Work instructions: Within the records that follow, restate exactly the lines from the line with "Joyful white young-adult" down to the line with "Diabetes, Gesundheitsfürsorge und", including both. Omit the pictures.

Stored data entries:
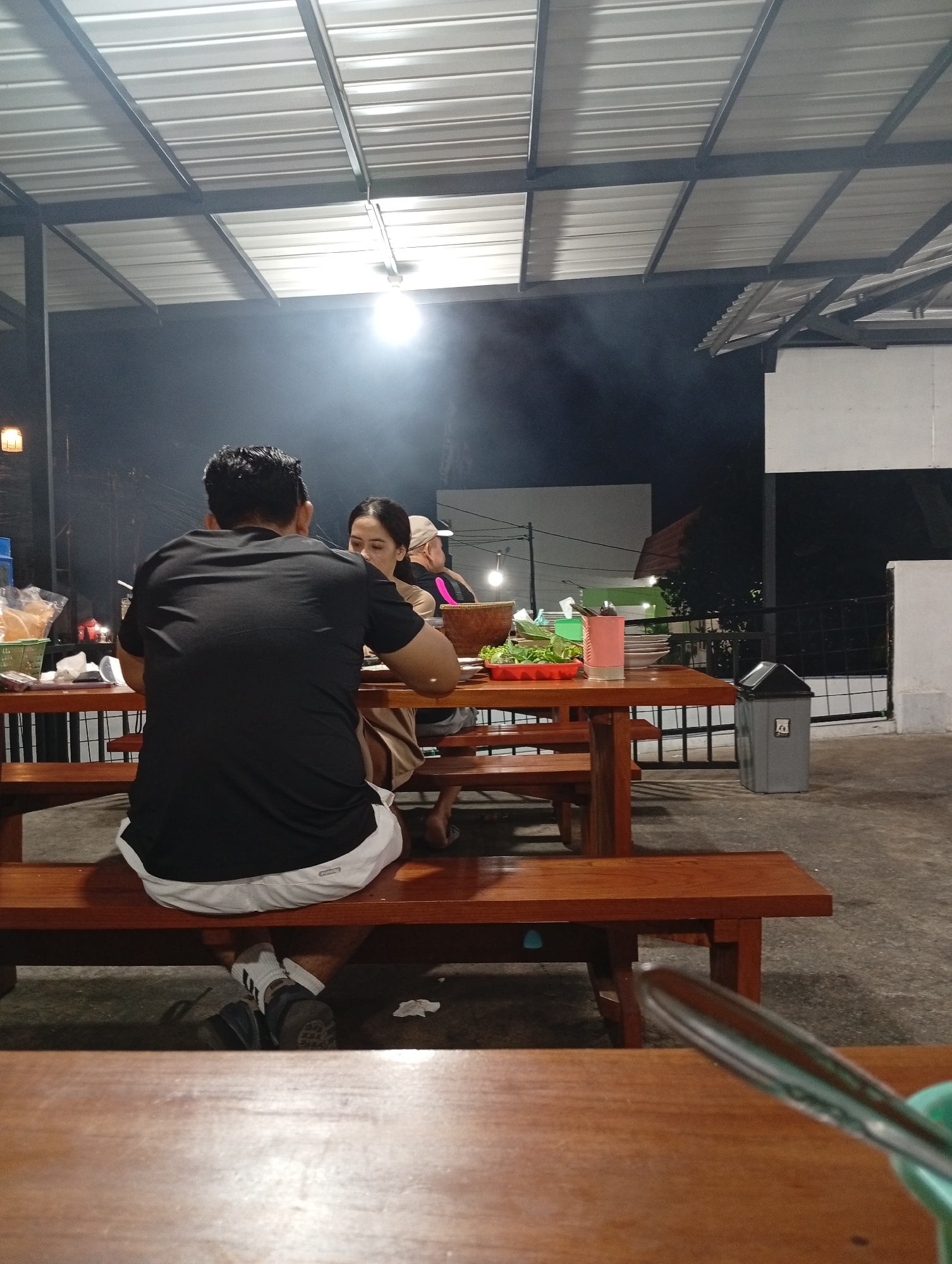 The image depicts an outdoor dining area at night, likely a restaurant or warung, in Pacet, Indonesia. A man and a woman are seated at a wooden picnic table, facing away from the camera, engaged in a meal. The man is wearing a black t-shirt and white shorts, while the woman is wearing a light-colored top. A variety of food items are spread across the table, including a bowl of vegetables, plates, and a pink container. In the background, a white building and a black fence are visible, along with a trash can. The scene is illuminated by overhead lights, creating a smoky atmosphere.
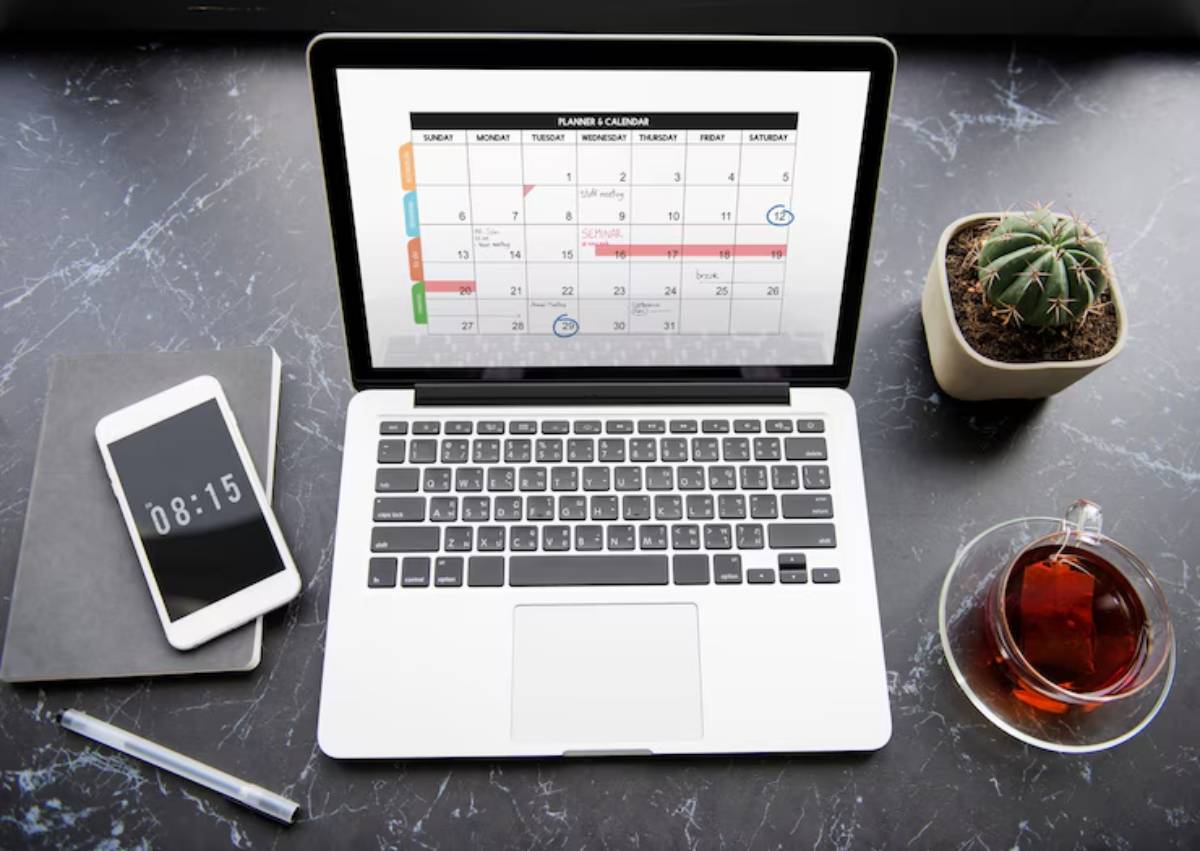A laptop displaying a colorful calendar sits on a marble desk alongside a smartphone, notebook, pen, a cactus, and a cup of tea.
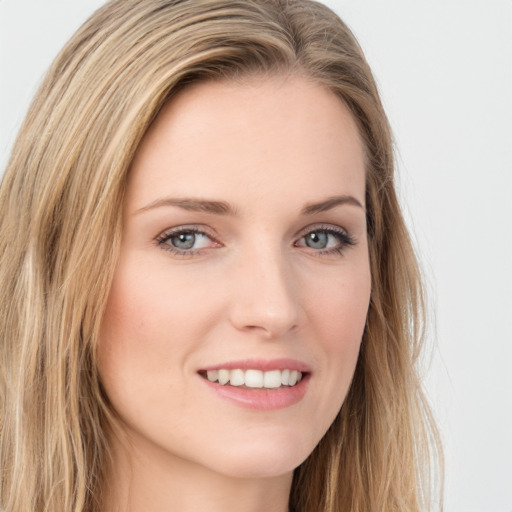 Joyful white young-adult female with long  brown hair and green eyes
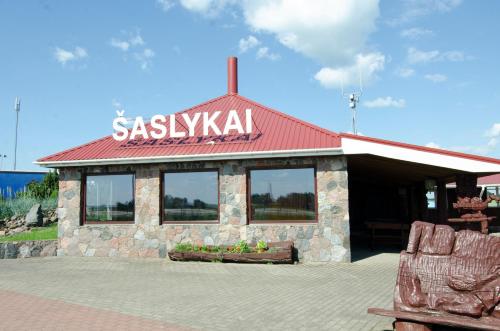 a restaurant with a sign on top of a building at Pasienis in Pasvaliečiai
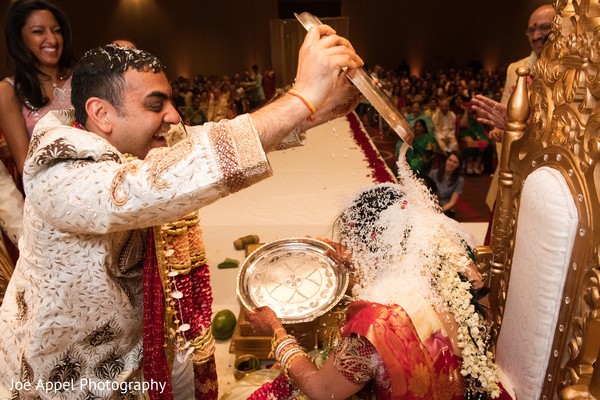 Groom pouring rice into the maharani during the ceremonies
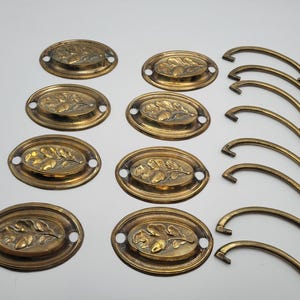 Może przedstawiać: Zestaw antycznych mosiężnych uchwytów i gałek do szuflad. Owalne uchwyty mają podniesiony wzór liści i żołędzi. Uchwyty są zakrzywione o prostym designie. Idealne do renowacji mebli.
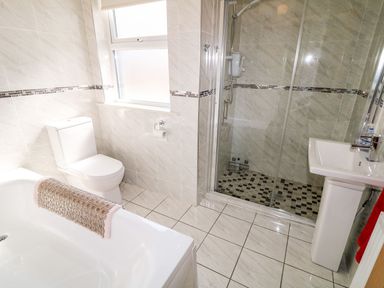A bathroom with a bathtub a toilet a shower with glass doors and a sink at Bridgetown Cottage in Kerrykeel County Donegal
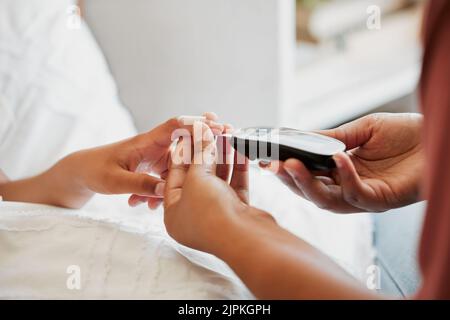 Diabetes, Gesundheitsfürsorge und ein Arzt, der den Zuckergehalt eines Kindes mit einem Blutzuckermessgerät in einem Krankenhaus überprüft. Krankenschwester mit einem digitalen Glukosimeter, Arzt Stockfoto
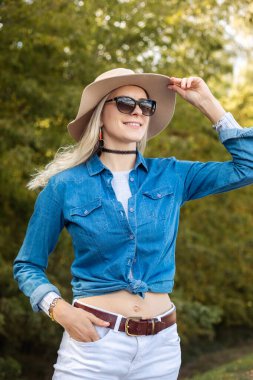 Vertical smiling, modern, confident, glad, carefree blond woman in sunglasses and hat looking at sun and joying walking and fresh nature air on vacation holiday. Relaxed traveler and tourist activity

Exercise response:
 Joyful white young-adult female with long  brown hair and green eyes
 a restaurant with a sign on top of a building at Pasienis in Pasvaliečiai
 Groom pouring rice into the maharani during the ceremonies
 Może przedstawiać: Zestaw antycznych mosiężnych uchwytów i gałek do szuflad. Owalne uchwyty mają podniesiony wzór liści i żołędzi. Uchwyty są zakrzywione o prostym designie. Idealne do renowacji mebli.
A bathroom with a bathtub a toilet a shower with glass doors and a sink at Bridgetown Cottage in Kerrykeel County Donegal
 Diabetes, Gesundheitsfürsorge und ein Arzt, der den Zuckergehalt eines Kindes mit einem Blutzuckermessgerät in einem Krankenhaus überprüft. Krankenschwester mit einem digitalen Glukosimeter, Arzt Stockfoto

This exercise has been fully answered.